BEGIN PROVIDED RECORDS

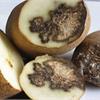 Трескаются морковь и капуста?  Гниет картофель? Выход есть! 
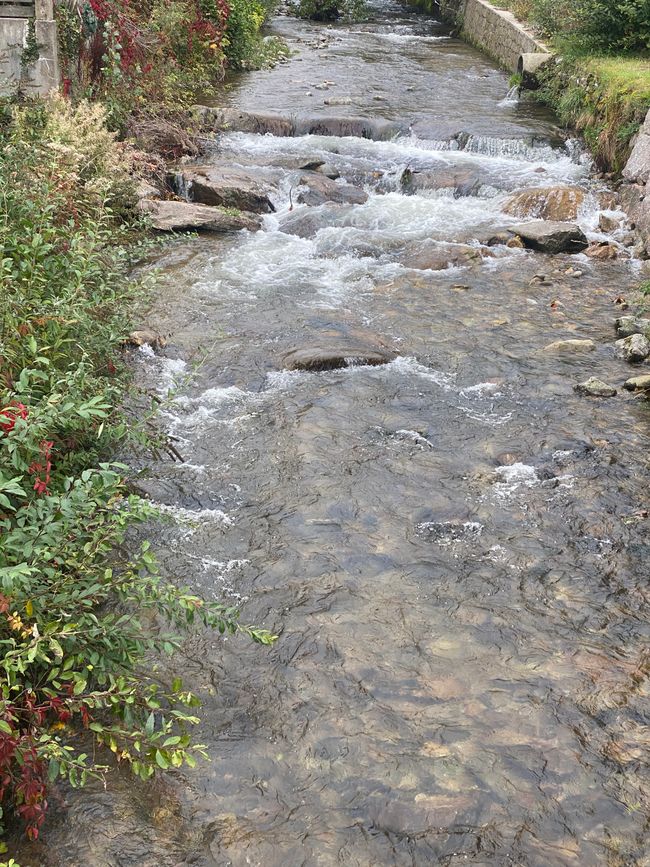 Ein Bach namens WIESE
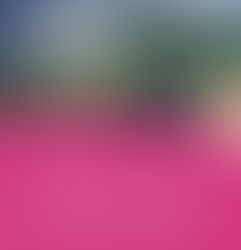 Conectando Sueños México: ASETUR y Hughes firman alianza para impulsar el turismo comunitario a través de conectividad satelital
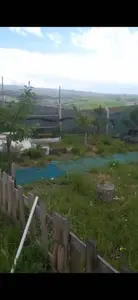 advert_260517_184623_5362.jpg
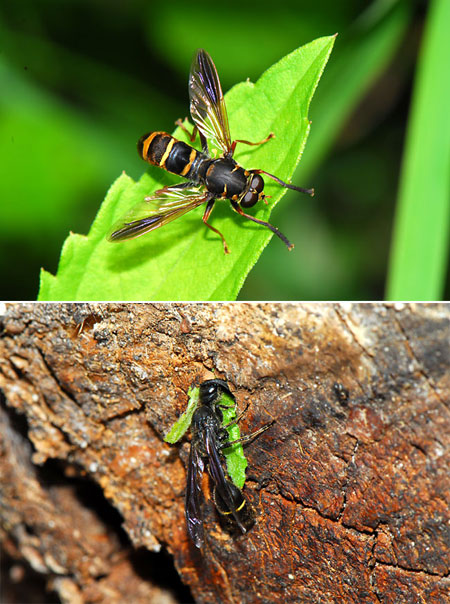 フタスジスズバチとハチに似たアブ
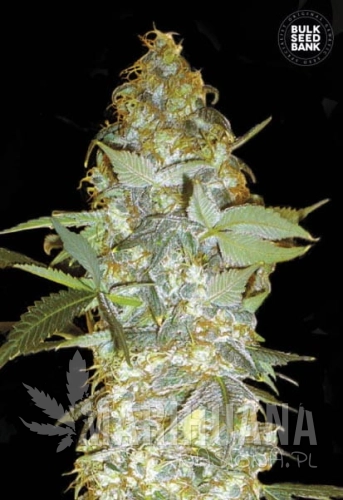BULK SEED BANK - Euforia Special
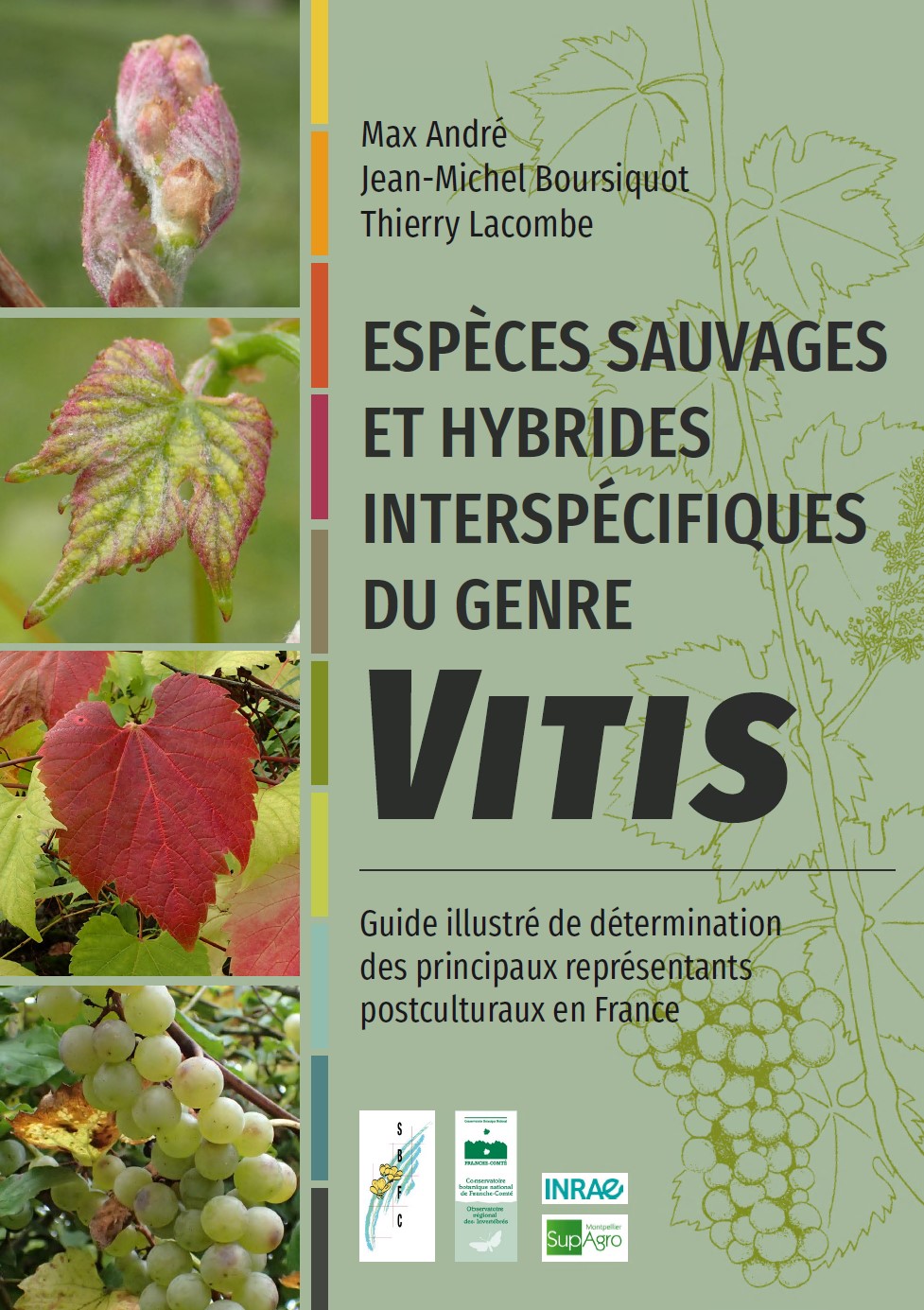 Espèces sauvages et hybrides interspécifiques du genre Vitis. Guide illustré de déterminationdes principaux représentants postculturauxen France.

END PROVIDED RECORDS

PROMPT
Each entry is to be output exactly, and no picture is to appear.

OUTPUT OF THE TASK
 Трескаются морковь и капуста?  Гниет картофель? Выход есть! 
 Ein Bach namens WIESE
 Conectando Sueños México: ASETUR y Hughes firman alianza para impulsar el turismo comunitario a través de conectividad satelital
 advert_260517_184623_5362.jpg
 フタスジスズバチとハチに似たアブ
BULK SEED BANK - Euforia Special
 Espèces sauvages et hybrides interspécifiques du genre Vitis. Guide illustré de déterminationdes principaux représentants postculturauxen France.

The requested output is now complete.